Reviewby James Beckett,
Pop Team Epic
Season One Blu-ray
Adapted from Bkub Okawa's popular 4-panel gag manga, Pop Team Epic is an animated sketch comedy that follows the absurd adventures of Popuko and Pipimi, two strange looking girls who cause havoc wherever they go and send-up every cherished institution throughout video games, anime, and every other flavor of pop-culture.
In a way, it seems silly to even review Pop Team Epic, given that the anime goes out of its way to critic proof its own insanity at every turn. After the series' first episode fully commits to the joke of pretending to be a cheesy romance anime called Hoshiiro Girldrop, Pop Team Epic quickly makes its true intentions clear when Popuko literally tears the fourth wall into shreds, her stubby face consuming the entire screen and growling, “I don't think so!”.
From then on, the show becomes what can only be described as the animated equivalent of an internet shitpost. We get a series of random, bizarre, and enthusiastically confrontational sketches that combine memes, pop-culture references, and a general devotion to unbridled chaos to fill out an exhausting and exhilarating eleven minutes. Then, as soon as the credits roll, the episode repeats itself all over again, except now the gravelly, masculine voices of Popuko and Pipimi have been replaced by female performers.
So it goes with all eleven episodes. Sometimes the women's performances air first, and sometimes it's the men's, but little else changes between sketches. You get the impression that the whole gimmick was an excuse to give as many voice actors as possible the chance to run wild in Pop Team Epic's insane universe, in addition to filling out a half-hour time-slot with half the necessary animation. It's a move that's both stunningly cheap and weirdly brilliant, which suits Popuko and Pipimi just fine.
When Pop Team Epic is surprisingly well animated and clever, you can feel the effort of the artists behind it coming through the screen. When Pop Team Epic is being idiotic and gross and weird, that's also clearly on purpose. There's a recurring segment called “Bob Team Epic” produced by the small animation team AC-bu, who have developed an entire aesthetic around being intentionally ugly and bizarre. “Bob Team Epic” transforms Popuko and Pipimi into horrifying blobs with inhuman maws that irritate and torture everyone around them.

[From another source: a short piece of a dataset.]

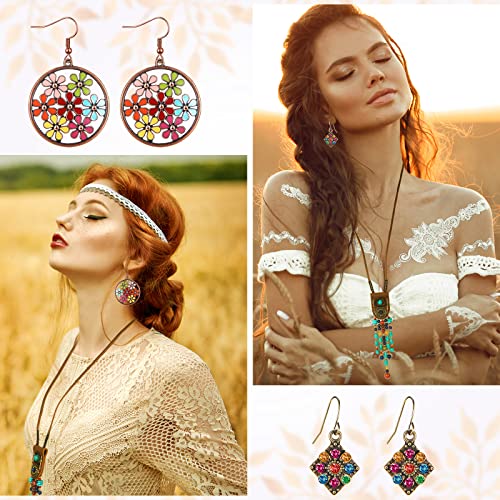 Beautiful 6 Pcs Boho Jewelry Set Vintage Dangle Earrings Beaded Bracelets Animal Tribe Beads Necklace for Women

I wouldn't blame anyone for finding the “Bob Team Epic” segments to be completely stupid and unfunny wastes of time, but they're also kind of amazing in that regard.
Another regular sketch is produced by a French animator named Thibault Tresca, where the pair speak entirely in French (which the show sometimes does not translate). The team intentionally kept Tresca in the dark regarding the basic premise of the show, so the bemused animator just used this opportunity to have Popuko and Pipimi make a bunch of jokes about France. The humor doesn't so much come from the skits themselves, but from the knowledge that the whole segment was made because the crew at Studio Kamikaze Douga thought it would be hilarious to mess with Tresca in a good-natured way.
Then there's Hellshake Yano, which has become infamous in some internet circles, and I'm certainly not going to spoil that one. It may be the greatest work of animation to ever come out of Japan, which is a pretty mean feat considering that the segment technically features no animation whatsoever. In any case, the show shifts between its numerous wildly different sketches often enough that if your taste in humor verges on the nonsensical, something along the way will tickle your funny bone.
The main appeal of picking up Funimation's Blu-ray set would be to experience the English dub of the show, which emulates the Japanese production by recruiting two new male performers and two new female performers to play Popuko and Pipimi in each episode. We've got Chistopher Sabat, Trina Nishimura, Jad Saxton, Greg Ayres, Johnny Yong Bosch, Justin Cook, Stephanie Sheh – the list goes on. It's clear that everyone involved is having a hell of a lot of fun just screwing around, and the dub even makes the effort to dub Pop Team Epic's glorious musical numbers. It's a solid effort, only hampered by the core issue that a lot of the series' humor plays better in Japanese. Some of the sketches are equally funny in both languages, a number of them lose a little something in translation, and there are a couple that just don't work in English. (Hellshake Yano is one of them, and you just can't mess up Hellshake Yano, man.)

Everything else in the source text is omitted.